Data to process
* * * *
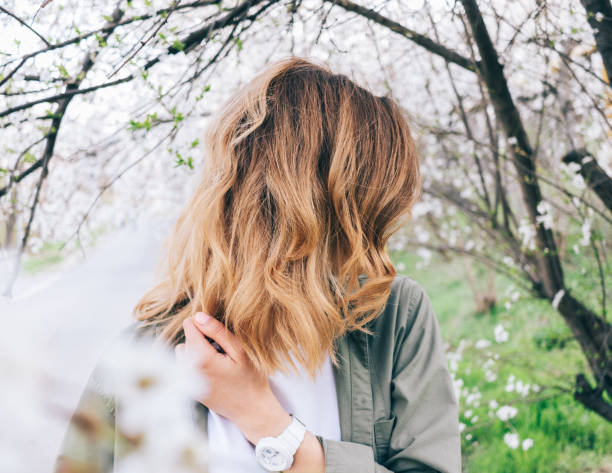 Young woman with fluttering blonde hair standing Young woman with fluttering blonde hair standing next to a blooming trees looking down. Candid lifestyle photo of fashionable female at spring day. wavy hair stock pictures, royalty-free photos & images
* * * *
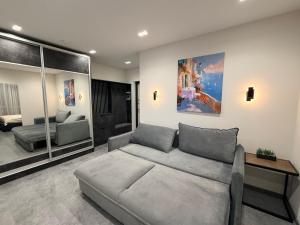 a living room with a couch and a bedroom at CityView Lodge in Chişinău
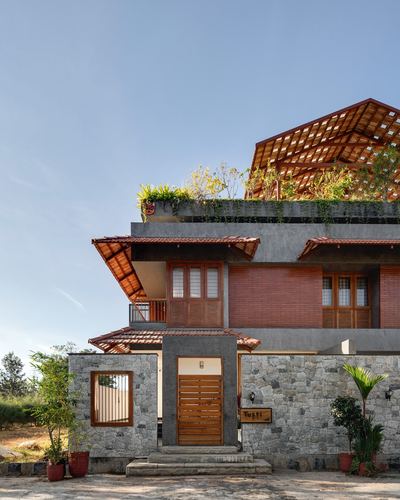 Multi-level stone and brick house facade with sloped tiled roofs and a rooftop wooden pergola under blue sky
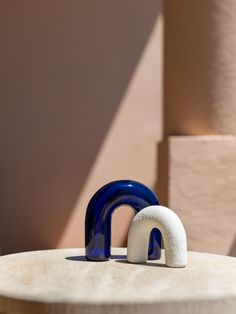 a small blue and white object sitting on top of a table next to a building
* * * *
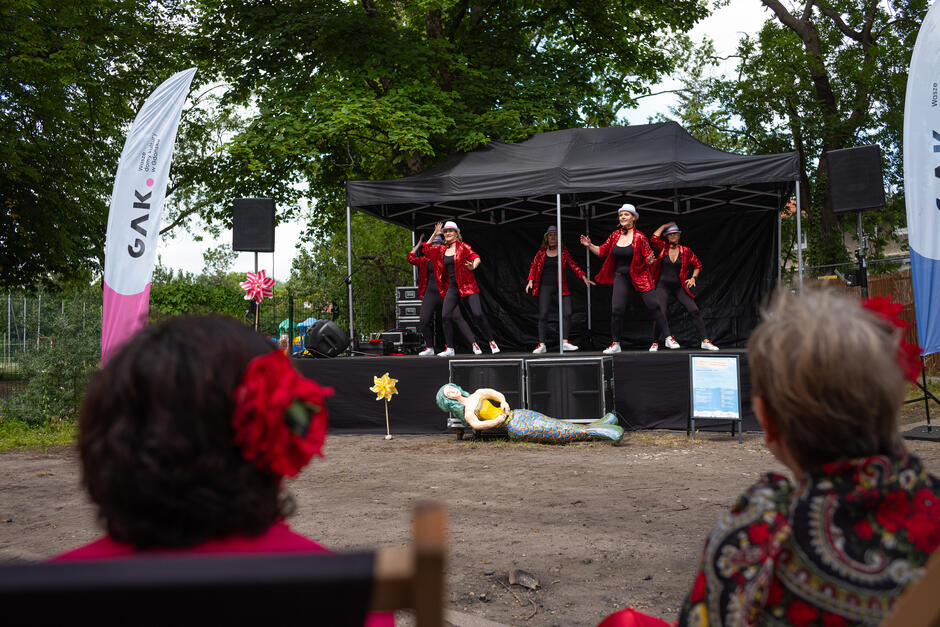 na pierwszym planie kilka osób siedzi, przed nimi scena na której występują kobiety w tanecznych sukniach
* * * *
Assigned task
Using the listing above, reproduce word for word every line from the one containing "a living room" through the one containing "a small blue". Pictures must be left out.

Expected answer
 a living room with a couch and a bedroom at CityView Lodge in Chişinău
 Multi-level stone and brick house facade with sloped tiled roofs and a rooftop wooden pergola under blue sky
 a small blue and white object sitting on top of a table next to a building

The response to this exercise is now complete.